When Game Of Thrones returns this Sunday, we’ll be ever closer to finding out who will take the Iron Throne once and for all. But the final season of HBO’s juggernaut fantasy series will also have to answer dozens, if not hundreds, of questions that have been posed in the seven years since it premiered. In addition to very pressing matters, like the outcome of the impending war between the living and the dead, David Benioff and D.B. Weiss will have to reckon with what remains of Arya’s murder list, the true identity of Valonqar, and just when Cleganebowl is going down already.

Benioff and Weiss clearly have their work cut out for them, but their fantasy adaptation is hardly the first series to have so much to answer for in its final moments. From The Shield to Lost to Twin Peaks (the revival), shows that craft such intricate stories—their own mythologies, really—have faced the question of how to make it all pay off (or not). So before we head once more into the Red Keep, The A.V. Club is revisiting five series finales that also had a lot of heavy lifting to do.

Battlestar Galactica, “Daybreak” (season four, episodes 21-23)

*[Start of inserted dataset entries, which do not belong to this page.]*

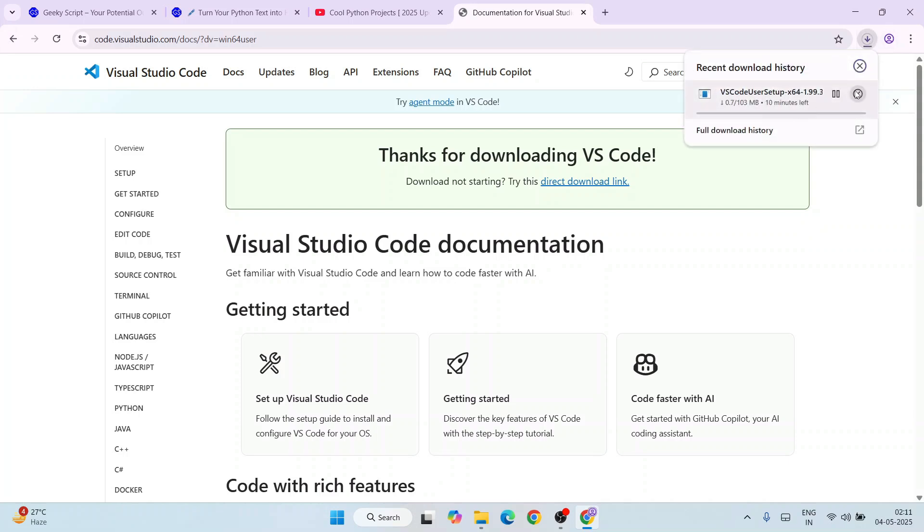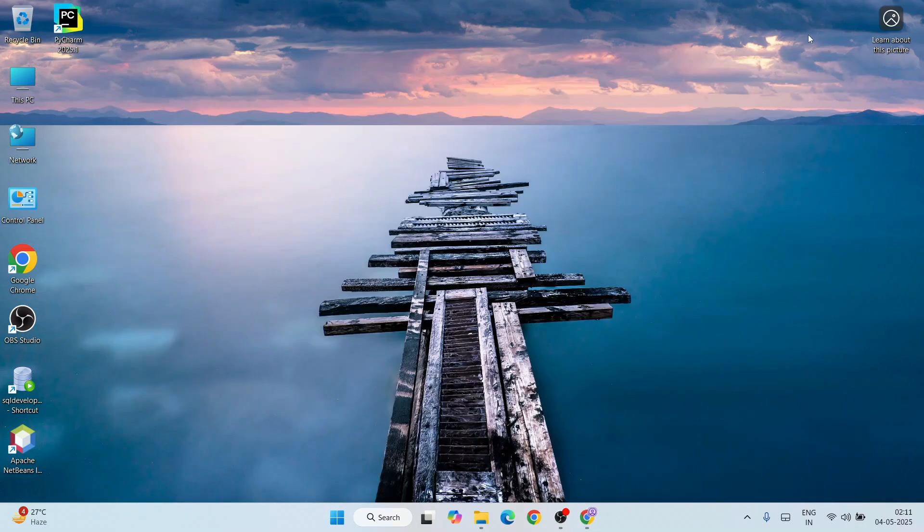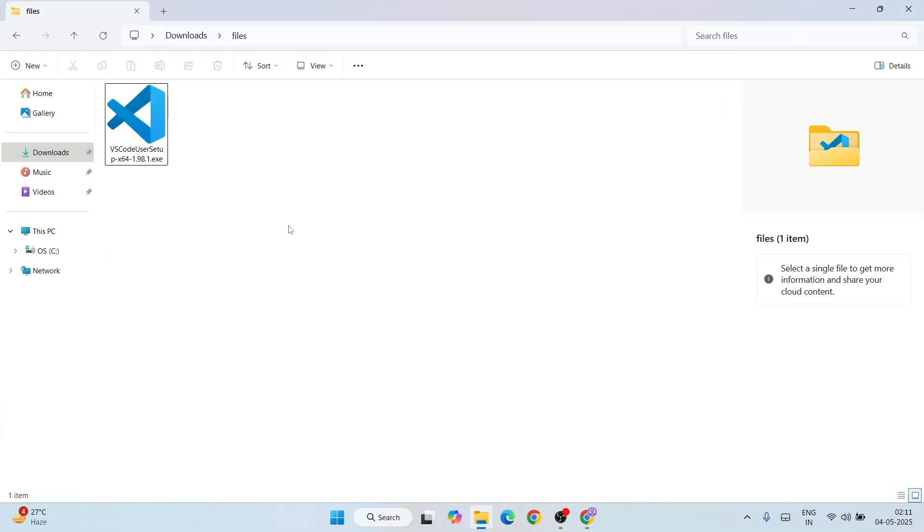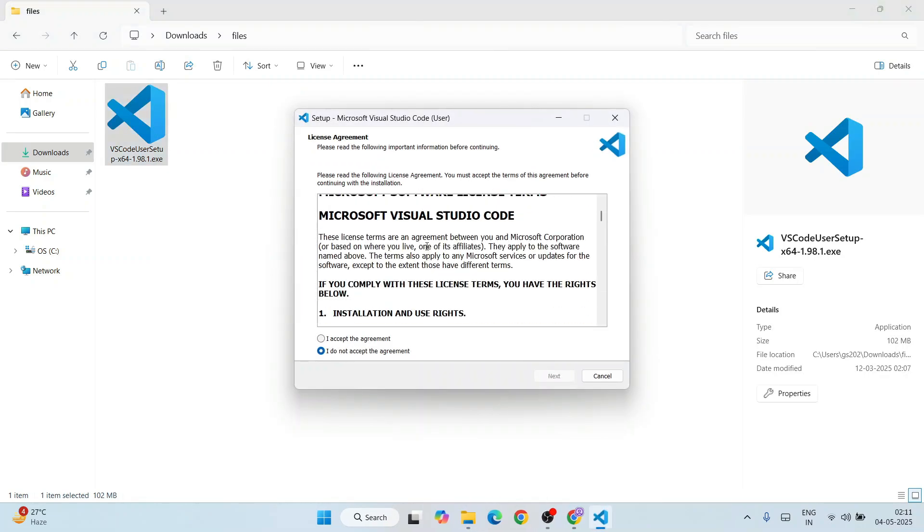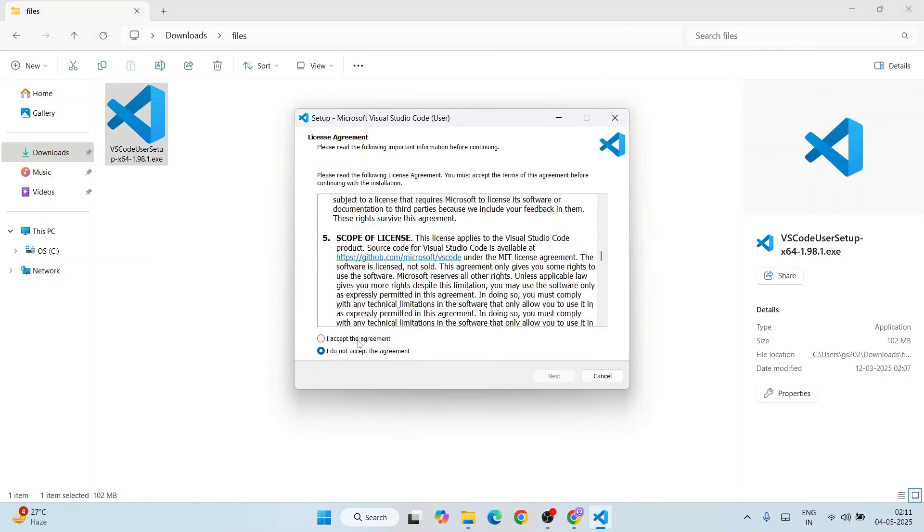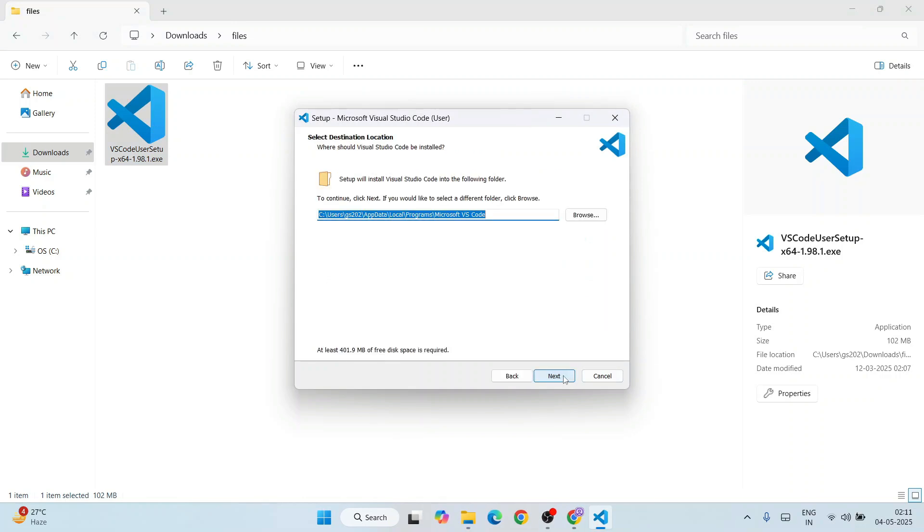I'll minimize my browser and go to my download directory. Here is our latest version of Visual Studio Code. Just simply double-click on the installer, read the license agreement, accept it, and click on next.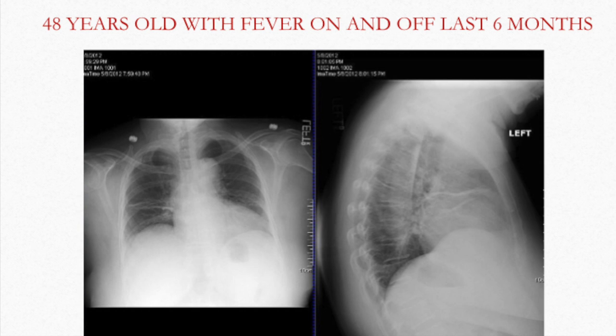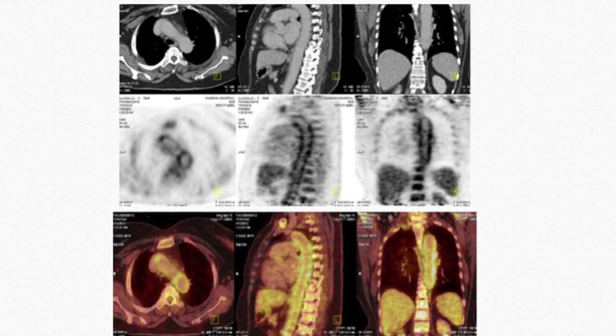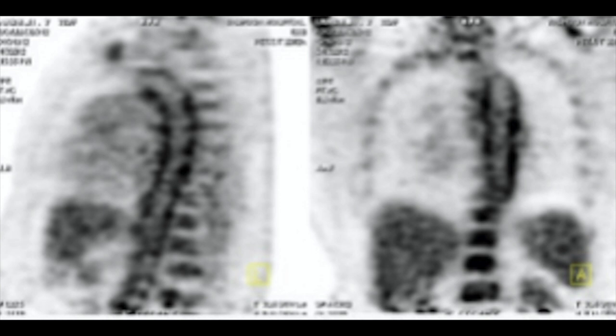This second case is a 48-year-old with fever on and off for the last 6 months. The X-ray showed nothing specific except cardiomegaly and some sub-segmental atelectasis. Because of pyrexia of unknown origin, PET-CT was done, which shows diffuse circumferential uptake along the thoracic aorta, involving the arch and descending thoracic aorta, with minimal wall thickening consistent with aortic wall inflammation — a case of aortoarteritis.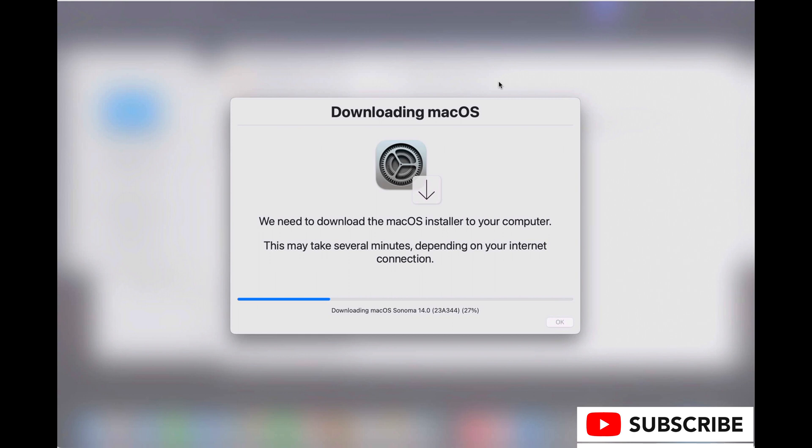Now, due to the power of editing, this download is going to go wicked fast. In actuality, on a fast network, it still takes about 45 minutes.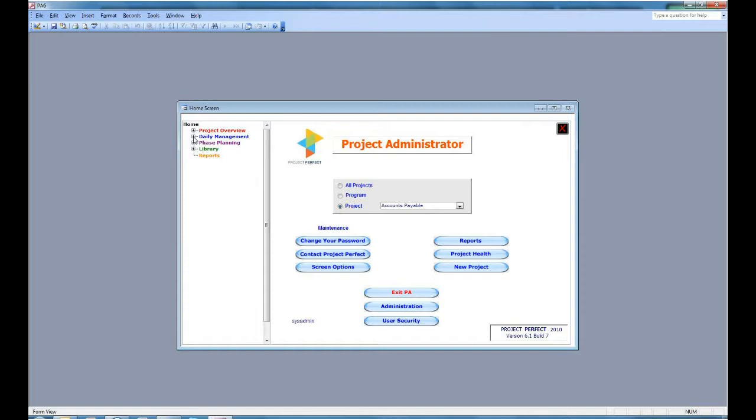The next area is Phase Planning. If you want to plan your project at phase level, use this section to set up roles for the phase and see the tasks and milestones associated with that phase.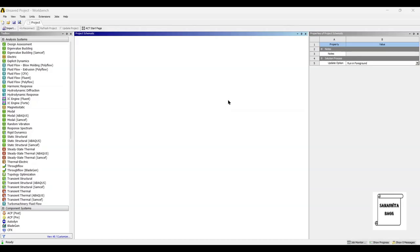Hello everyone, welcome to the next session on ANSYS Workbench Tutorials. In this session, we are going to analyze a disk brake rotor for transient thermal analysis.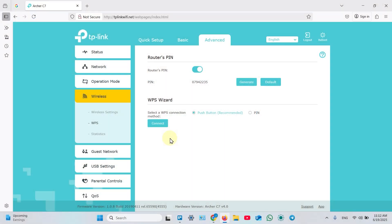If your router doesn't have physical WPS button on the case, make your way to WPS settings in the router's web interface or smartphone application. Apply to the router's user manual or Google search to find out how to do this.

Battlestar Galactica was always at its strongest when it focused on the very human elements of its small band of survivors and the Cylons hunting them. The show lost its way when seemingly divine influences intervened and grand mysteries were introduced in later seasons. Like the teased master plan for Battlestar Galactica’s scrabbling humans, the writers room appeared to be saving some big reveal—or at least an explanation—for the series’ end. Unfortunately, the finale didn’t deliver. Yes, the scrappy cohort leading humanity’s survivors (plus some friendly Cylons) found Earth—er, a second Earth—and the final scene reveals that all of this really has happened before: The events took place in the distant past, not the future. But once the cast lands on Earth, Starbuck fulfilling her quasi-messiah role to lead them there, she simply vanishes. The hallucinations versions of Number Six and Gaius Baltar are angels... perhaps, or maybe just eternal beings wandering and watching and delivering arch bon mots wherever conscious life gathers. And much of the actual decision making—the nitty-gritty questions of democracy and survival that fueled the show—is brushed aside along with the tangle of allegiances and complications in order to tie humanity’s fate into a neat bow.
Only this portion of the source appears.